Nonparametric Regression, ABC and CNN

Normal Deviate 2013-12-20

On Monday we had an interesting seminar by Samory Kpotufe on nonparametric regression. Samory presented a method for choosing the smoothing parameter, locally, in nonparametric regression. The method is simple and intuitive: construct confidence intervals using many different values of the smoothing parameter. Choose the value at which the confidence intervals stop intersecting. He has a theorem that shows that the estimator adapts to the local dimension and to the local smoothness. Very cool. The idea is similar in spirit to ideas that have been developed by Oleg Lepski and Alex Goldenshluger. I am looking forward to seeing Samory’s paper.

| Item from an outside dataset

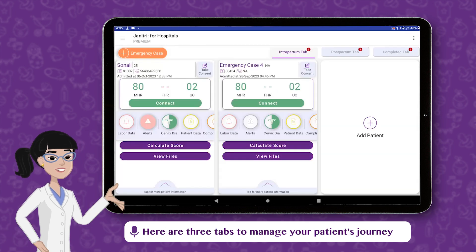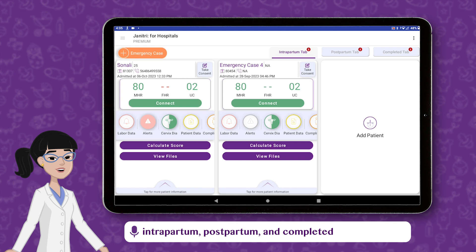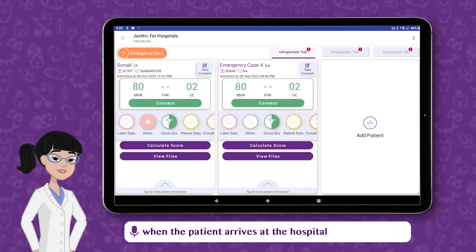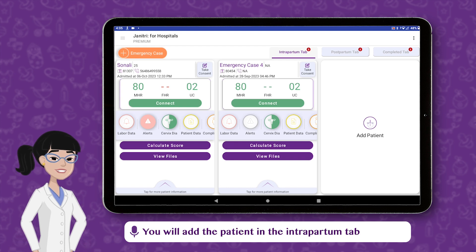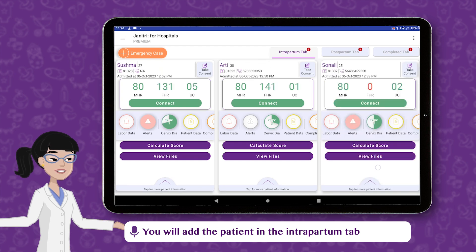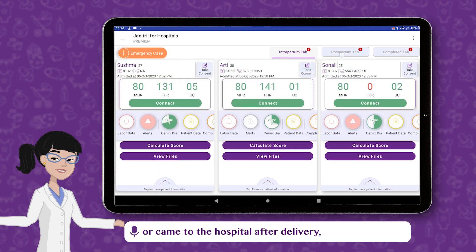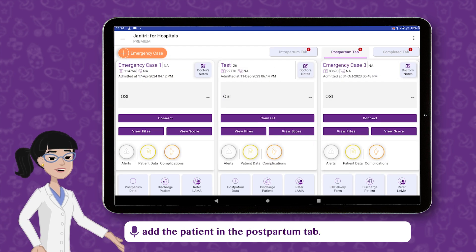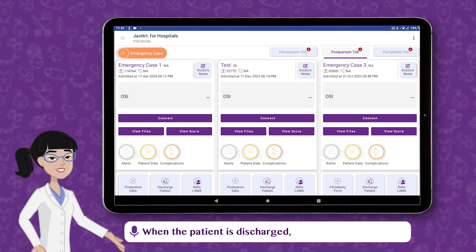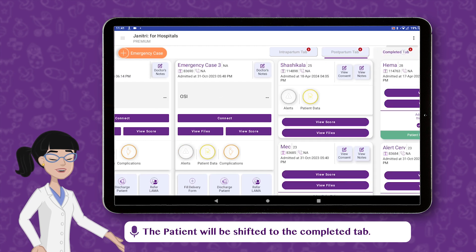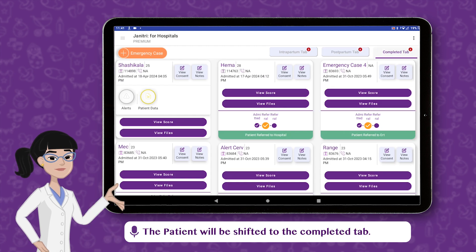Here are three tabs to manage your patient's journey: Intrapartum, Postpartum, and Completed. When the patient arrives at the hospital, you will add the patient in the Intrapartum tab. Once the patient has delivered or came to the hospital after delivery, add the patient in the Postpartum tab. When the patient is discharged, the patient will be shifted to the Completed tab.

On Wednesday we were fortunate to have another seminar by my old friend Christian Robert. Christian and I have not seen each other for a while so it was fun to have dinner and hang out. Christian spoke about ABC (approximate Bayesian computation). But really, ABC was just an excuse to talk about a very fundamental question: if you replace the data by a summary statistics (not sufficient), when will the Bayes factor be consistent? He presented sufficient conditions and then did some interesting examples. The conditions are rather technical but I don’t think this can be avoided. In our era of Big Data, this type of question will arise all the time (not just in approximate Bayesian computation) and so it was nice to see that Christian and his colleagues are working on this.

On a third, and unrelated note, I was watching CNN today. Someone named Roshini Raj (I believe she is a doctor at NYU) discussed a study from Harvard that showed that many foods, like pasta and red meat, are associated with depression. These reports drive me crazy. I have not looked at the study so I can’t comment on the study itself. But I had hoped that at least one anchor or the doctor would raise the obvious objection: this could be association without being causal. It did not occur to any of them to even raise this question. Instead, they immediately assume it is causal and started talking about the importance of avoiding pasta and red meat. I don’t find pasta or red meat depressing but I do find this kind of bad reporting depressing. Again, it is possible that the paper itself is careful about this; I don’t know. But the reporting sucks.